4.3 Technologies and meta-knowledge continued

4.3.1 Mapping what we know

Knowledge maps are often one of the first knowledge management representations to emerge, in an effort to add value over the simple corporate intranet search which returns lists of ‘hits’ that are undifferentiated beyond a ranking in terms of keyword matches. Knowledge maps, like other forms of cartography, should communicate a ‘big picture’ by overlaying meaningful structure on to raw resources.

Box 4.3 Information cartography

A company called Dynamic Diagrams (www.dynamicdiagrams.com [Tip: hold Ctrl and click a link to open it in a new tab. (Hide tip)] ) has many examples of techniques to manually map the structure of a website (or, by extension, knowledge resources in an organisation's intranet), as well as novel techniques for mapping documents or sites based on automatic analysis of their content.

Top down or bottom up?

Activity in this field sometimes comes under the banner of organisational knowledge taxonomies. Such taxonomies are typically defined by a specialist group in what we might call a ‘top-down’ manner: defining a set of a categories which must then be used in a systematic manner to classify material. However, a cautionary note is sounded by Davenport for those who believe they can unilaterally define a useful ‘master taxonomy’ for all staff:

It is tempting when managing knowledge to create a hierarchical model or architecture for knowledge, similar to the Encyclopaedia Britannica's Propaedia, that would govern the collection and categorisation of knowledge. But most organisations are better off letting the knowledge market work, and simply providing and mapping the knowledge that its consumers seem to want. The dispersion of knowledge as described in a map may be illogical, but is still more helpful to a user than a hypothetical knowledge model that is best understood by its creators, and rarely fully implemented. Mapping organisational knowledge is the single activity most likely to yield better access.

Knowledge managers can learn from the experience of data managers, whose complex models of how data would be structured in the future were seldom realised. Firms rarely created maps of the data, so they never had any guides to where the information was in the present.

(Davenport, 1998, p. 189)

In contrast, a better strategy is a user-centred design approach, which would typically consult representative user groups to uncover their most common information needs (how do they think about their world?), possibly ask users to build an actual map of their world view using a card sorting exercise, and normally conduct evaluations of the current search engine to see how well it performed.

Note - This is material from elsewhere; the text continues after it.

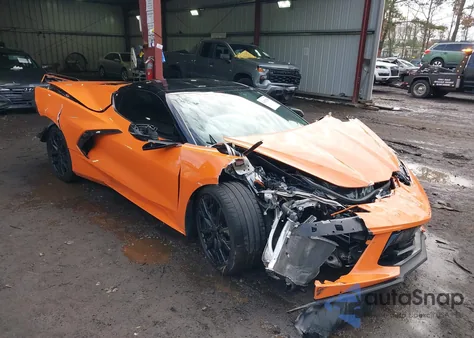 2023 Chevrolet Corvette Stingray Rwd 2Lt z USA, uszkodzony, nr VIN 1G1YB2D42P5126355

However, it is also well known in the field of user-centred software requirements analysis that end-users do not always know what they want (echoing Polanyi, 1966 : ‘we can know more than we can tell’), and, moreover, new tools can change the way people behave by presenting opportunities they did not imagine. Think about how we rapidly recover known information sources on the internet with search engines – it is often quicker to type in a few keywords in a search engine toolbar than to take the trouble of manually bookmarking the page, or retyping the full address if known. The answer to this dilemma is in planning time for deploying a series of prototypes and evaluating the emergent patterns of usage – patterns which neither users nor designers could foresee in advance, but which are a function of the specific user group working under the demands of their unique contexts.

Human- versus machine-generated metadata?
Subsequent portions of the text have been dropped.